Please stay tuned – there is a lot happening these days.

1 thought on “Statement of the National Disability Leadership Alliance on the 23rd Anniversary of the Signing of the Americans with Disabilities Act

  1. Almost all humans who live into old age become disabled and age-related disability also receives the protections of the ADA for obvious reasons, doesn’t it? I will need a wheel chair parking permit soon.

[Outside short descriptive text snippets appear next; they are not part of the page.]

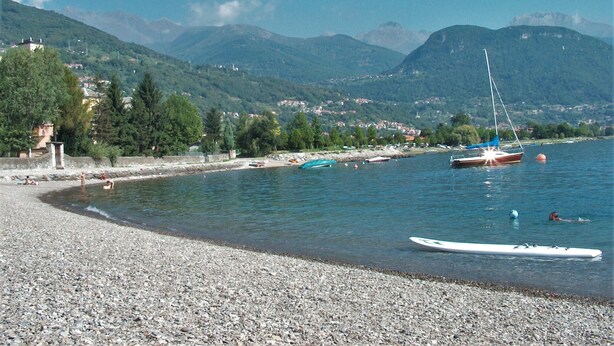 Een kiezelstrand met boten, een heldere lucht en bergen op de achtergrond.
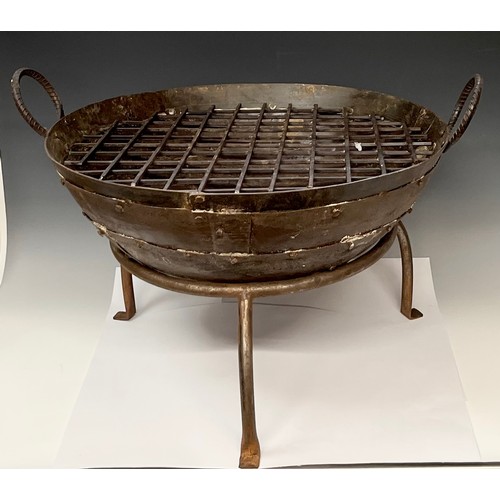 419 - A round cast iron fire pit, tripod support, the pit 61cm wide, 48.5cm high over handles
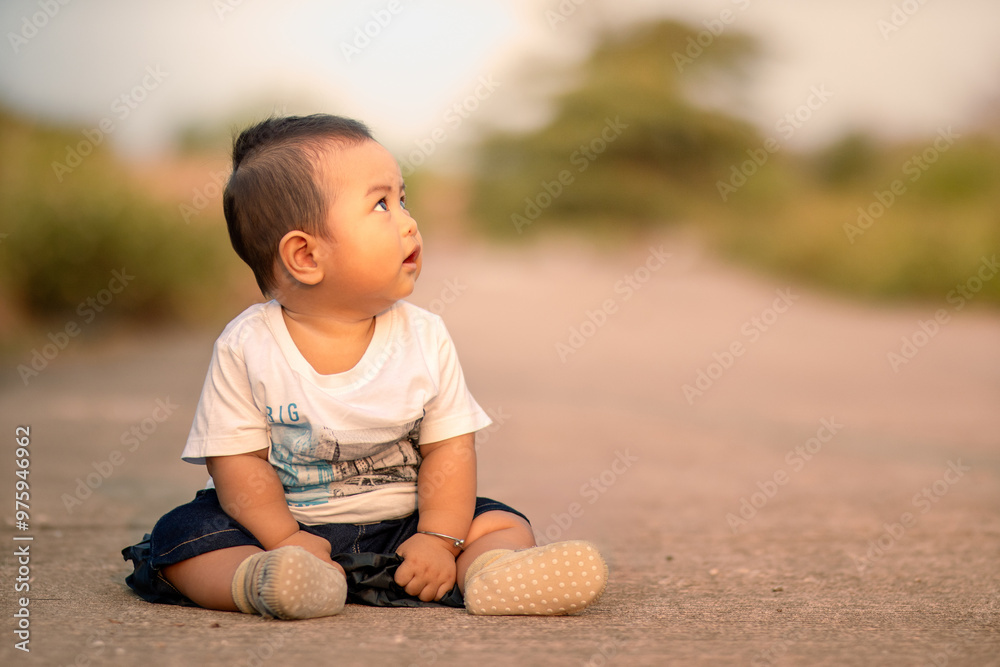 cute asian baby sitting on the road. baby boy facing sideways wearing white clothes. photo atmosphere in the afternoon. cute asian baby sitting on the road. baby boy facing sideways wearing white clothes. photo atmosphere in the afternoon.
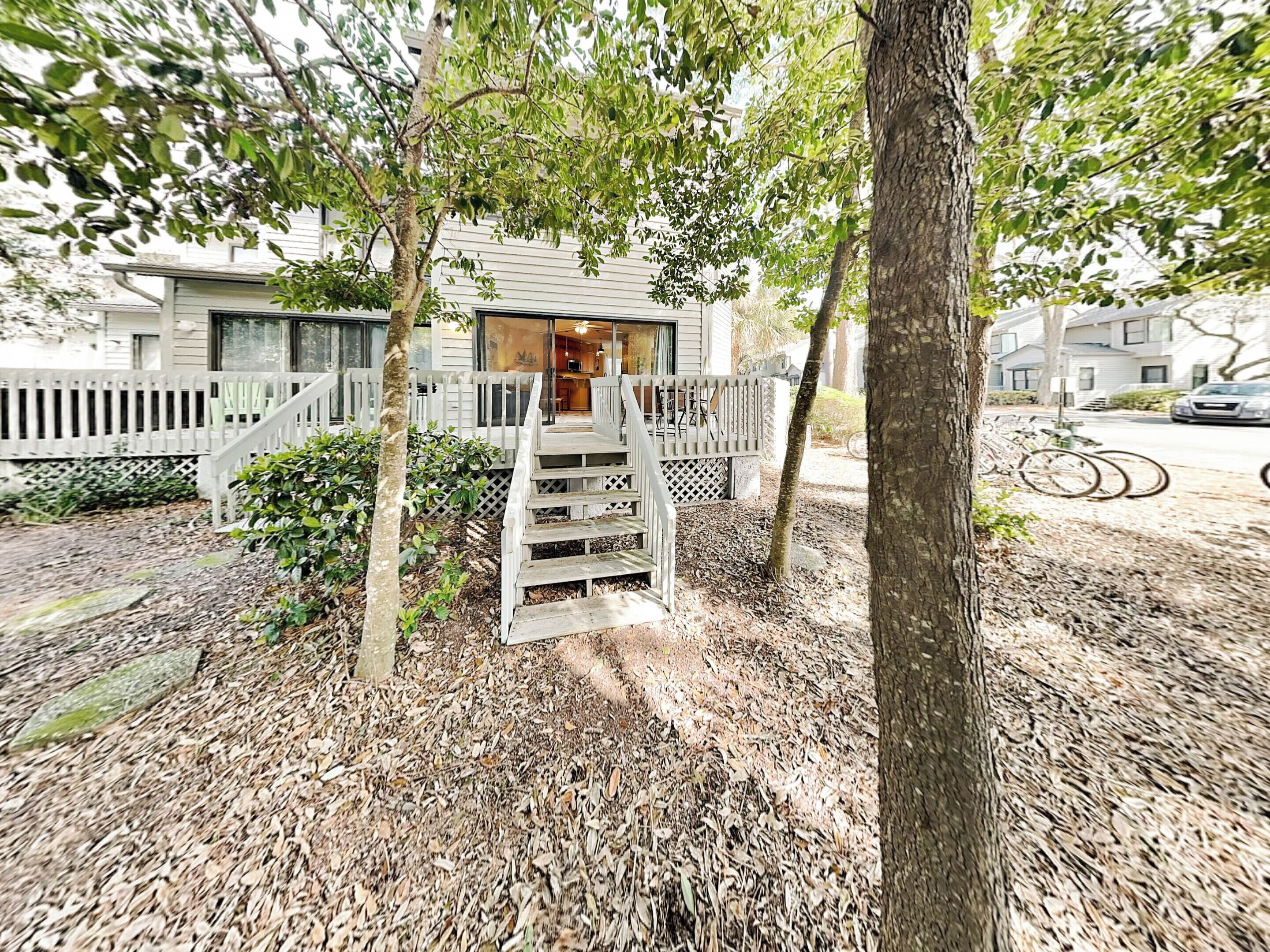 A wooden deck with a staircase leading to a house, surrounded by trees and a wooden fence.
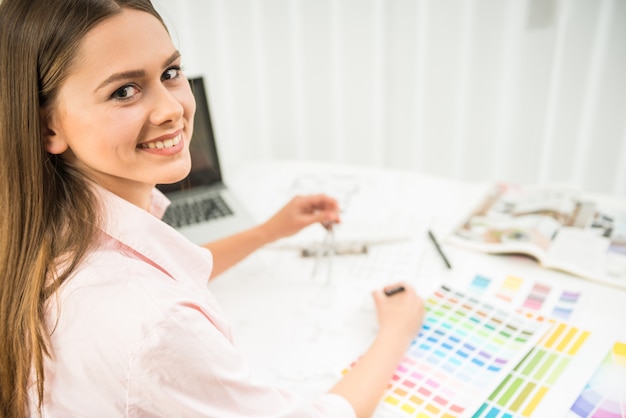 Diseñadora trabajando en su oficina doméstica con muestras de color.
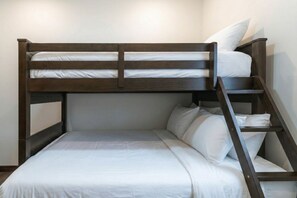 A bunk bed with a ladder, white bedding, and a wooden frame. - The Powder Den (Revelstoke)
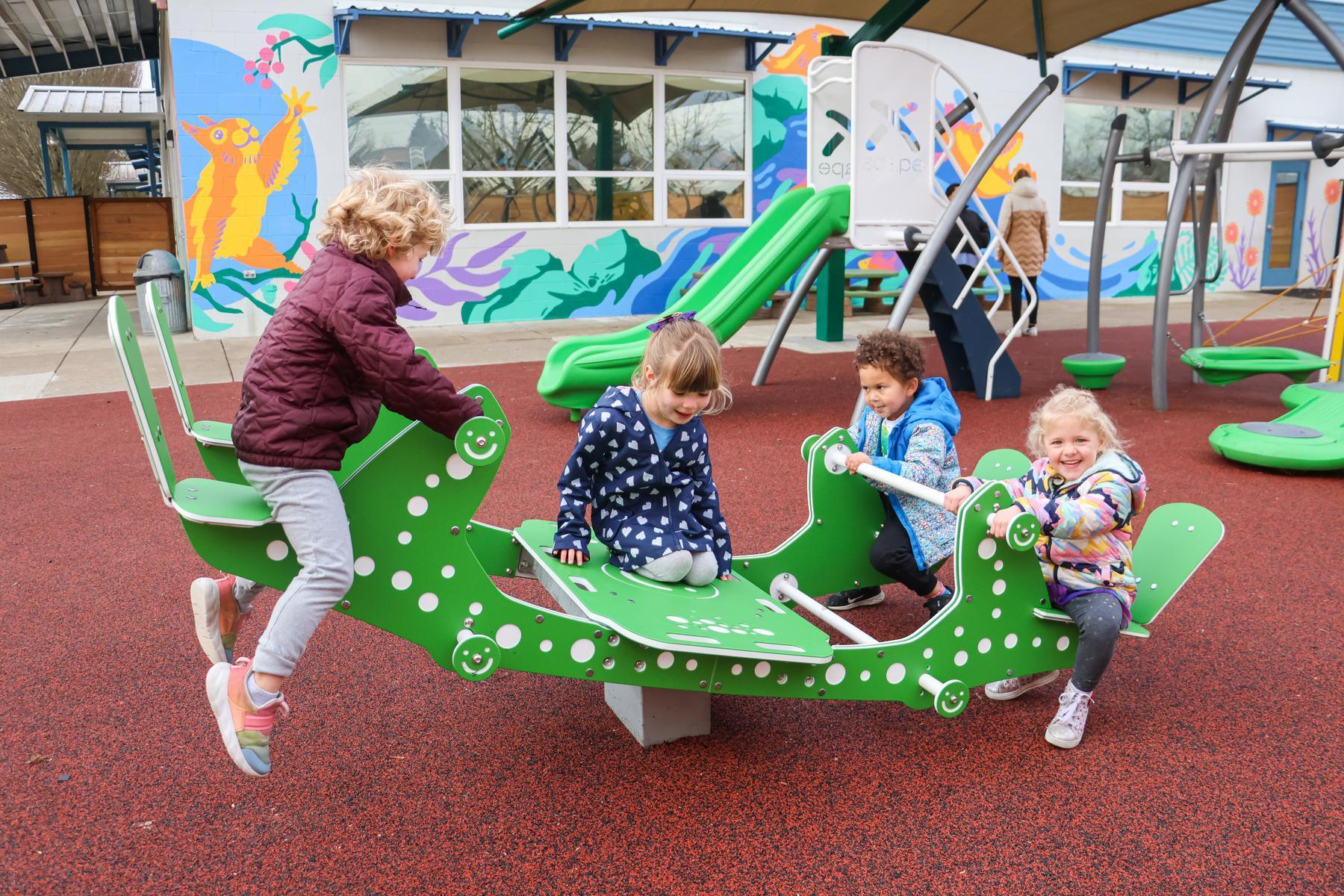 Kids play on outdoor play equipment at the Tiny Ducks playground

    Violations of the ADA are civil rights violations with a private-right-of-action remedy but the denials of medical life-saving and/or life-extending treatment (implied as a right of the disabled in the ADA) as non-beneficial and medically futile are upheld by the state courts as NOT discriminatory and generally dismissed out of court. Is this true?

    If this is true, is this because the 1991 Patient Self Determination Act (passed into law right after the ADA became law) prohibits discrimination in vague terms but unilateral, covert and overt Do Not Resuscitate Code Status that shortens life by limiting life-extending and life-saving procedures is NOT considered a civil rights violation under the PSDA. There is no private right of action if the prohibition of discrimination is violated.

    No case law has been made since 1991 that addresses the “discrimination” that is prohibited in the PSDA. Unilateral DNRs appear to be treated merely as ethics violations that are mediated by in-house medical ethics committees who have a serious conflict of interest when CMS reimbursement protocols so often deny reimbursements for errors, mistakes, non beneficial overtreatments and the complications thereof.

    Obviously, the failure to prosecute or to treat the prohibited discrimination in the PSDA as a civil rights violation with a private right of action is an intentional effect of the PSDA as implemented by the States that is confirmed when one realizes that “the claim by or on behalf of Theresa Marie Schiavo for the alleged violation of any right” had special treatment by the US Congress in 2005.

    Professor Thaddeus Pope in his article in The Journal of Clinical Ethics entitled “Legal Briefing” The New Patient Self-Determination Act” Summer 2013, further indicates “Some Legislators may have been concerned that this law might imply that other patients were entitled to litigate PSDA violations. Accordingly, the Schiavo Act specifically provides that “nothing in this Act shall affect the rights of any person under the Patient Self-Determination Act of 1991.”

    Apparently, the Congress in 1991 indicated in the force of the law of the PSDA that there is no civil right of Medicare/Medicaid patients and other patients to medical treatment to extend life and no civil right to refuse medical treatment and shorten life and die —but the PSDA did indicate that patients do have a legal right under the doctrine of “informed consent” and the “liberty” provisions of The Constitution to refuse unwanted medical care when hospitalized that will shorten their lives; shorten their suffering, and save money for Medicare and the private insurers.

    Both the concept of “medical futility” and “fiscal futility” were problems for physicians and hospitals before the ADA and the PSDA were passed. Was the PSDA together with the Hospice/palliative Medicare entitlement law primarily an effort to bypass the problem of “medical futility” which has to be very narrowly defined under law with due process protection for both patients and the physicians/hospitals. Were all of the goals of the PSDA primarily a means to prevent over treatment of patients for profit and to save money for Medicare and the private insurers when patients elected to die at home or in residential nursing homes on Hospice/Palliative Care?

    I personally think the Justice system should look into the epidemic of unilateral, default, covert and overt DNR code status that is a direct response to the reimbursement protocols of CMS and the private insurers that are a direct response to the problem of OVER TREATMENT of elderly/disabled Medicare/Medicaid patients by the for-profit suppliers of Medicare treatment, services and supplies.